Petrol and diesel prices have soared from just £1 per litre at the start of the year with diesel now ranging from around £1.14 at supermarkets to £1.30+ at motorway services – and the falling value of the pound is likely to create further pressure.
Shaun Sadlier, head of consulting at Arval UK, said: “Rising fuel prices tend to have a two stage impact on fleets. The first is to look at the basics of fuel management – ensuring that fuel cards are being used, the data produced analysed, inefficient vehicles and drivers identified, and sensible strategies put in place.
“In the medium to longer term, however, rising fuel prices generally create a need to identify vehicle choices that offer greater fuel economy for businesses and their drivers.
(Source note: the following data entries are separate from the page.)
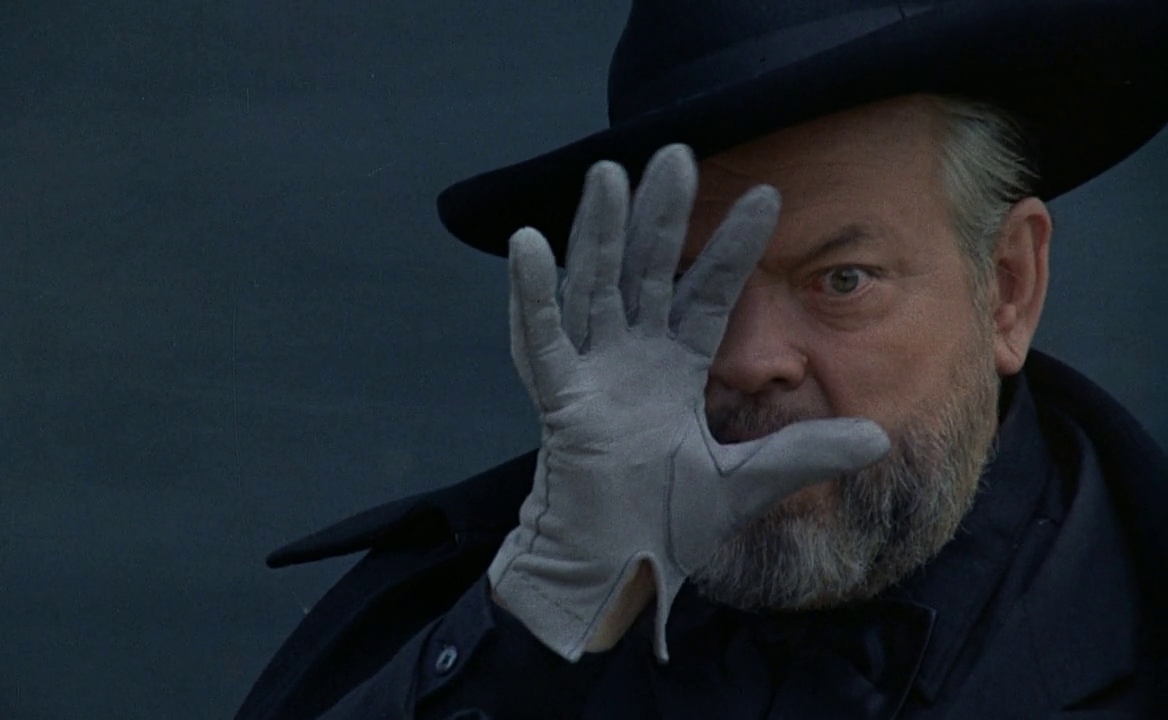 F for Fake di Orson Welles – La verità della menzogna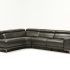 25 Best Tatum Dark Grey 2 Piece Sectionals with Laf Chaise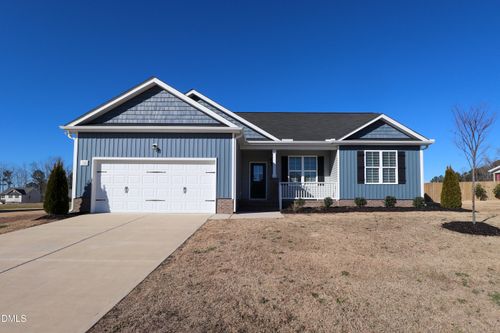 152 Springtooth Dr, Zebulon, NC, 27597-3202 | Card Image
“At the moment, we are unlikely to see anything other than incremental fuel cost advantages gained from petrol and diesel technology but plug-in vehicles offer a genuine step change when it comes to fuel costs. Compared to conventional drivetrain technology, the cost of charging an EV is almost negligible.”
Shaun said that, if fuel prices continued to rise, it was possible to envisage reaching a tipping point where electric vehicle range would become viable for more fleets.
“Within a few years, we have seen a situation develop where the typical electric car range has effectively doubled from around 100 miles to nearer 200 and several planned models look set to exceed this by some distance. Plug-in hybrids also provide an attractive middle ground for many drivers, combining efficiency with practicality.
“Our view is that, at a certain point, fleet adoption rates of EVs will significantly increase and, alongside range, high fuel prices will inevitably play a major part in this decision-making process.
“Identifying the exact range and fuel pump price at which this will start to happen is not completely clear but certainly, once EVs get to a range of around 300 miles, we will probably be somewhere in the right neighbourhood.
“These are exciting times. Very soon fleets could be part of a revolution that will see the most radical shift in drivetrain technology in more than a century of motoring.”